Part 1 of this series, "The Semantic Web, Linked Data and Drupal, Part 1: Expose your data using RDF," covered some of the new features incorporated in Drupal 7. The article outlined how to make your web data more interoperable and your data sharing more efficient. An example showed how to use Drupal 7 to publish Linked Data by exposing content with RDF.
In this article, learn how to take advantage of existing Linked Data on the web. Explore how to enrich Drupal 7 with data coming from different endpoints, and walk through a real-world use case with data from two independent publishers.
Scenario: British research funding
The scenario in this article is from a real-world use case with data from two independent publishers: DBpedia and the British government.
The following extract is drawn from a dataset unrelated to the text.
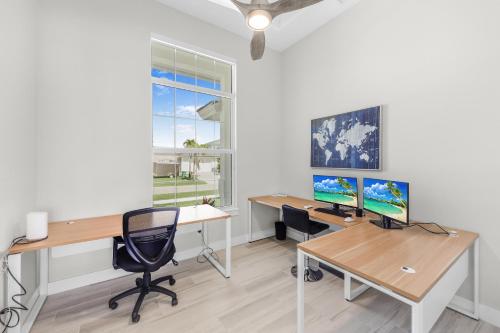 an office with two desks and a computer monitor at 2024 Monsterrat model waterfront home with lap pool in Marco Island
The DBpedia project, presented in Part 1, takes the infobox information from Wikipedia and makes that content machine readable. One of the first, and largest, efforts in the Linking Open Data initiative, it contains information about more than 3.5 million things and includes 1,850,000 image links. All data is provided under a Creative Commons attribution and share a like license, meaning it's safe to reuse it on your Drupal site.
The British government is a more recent addition to the Linking Open Data movement. On the advice of the web's inventor, Sir Tim Berners Lee, the government launched an initiative to get government agencies and local authorities to release their public data online. The government is serious about getting more and more data published. At the time of this writing, 5,400 datasets are available. Some of the datasets are available as RDF through a SPARQL endpoint, such as the research funding dataset. This dataset includes more than 43,000 facts about projects that have been funded by various British funding agencies, including:
- Name of the project
- Description of the project
- What agency funded the project
- Value of the grant
- Start and target dates of the project
- Grant reference number
- Status of the project (still running or closed)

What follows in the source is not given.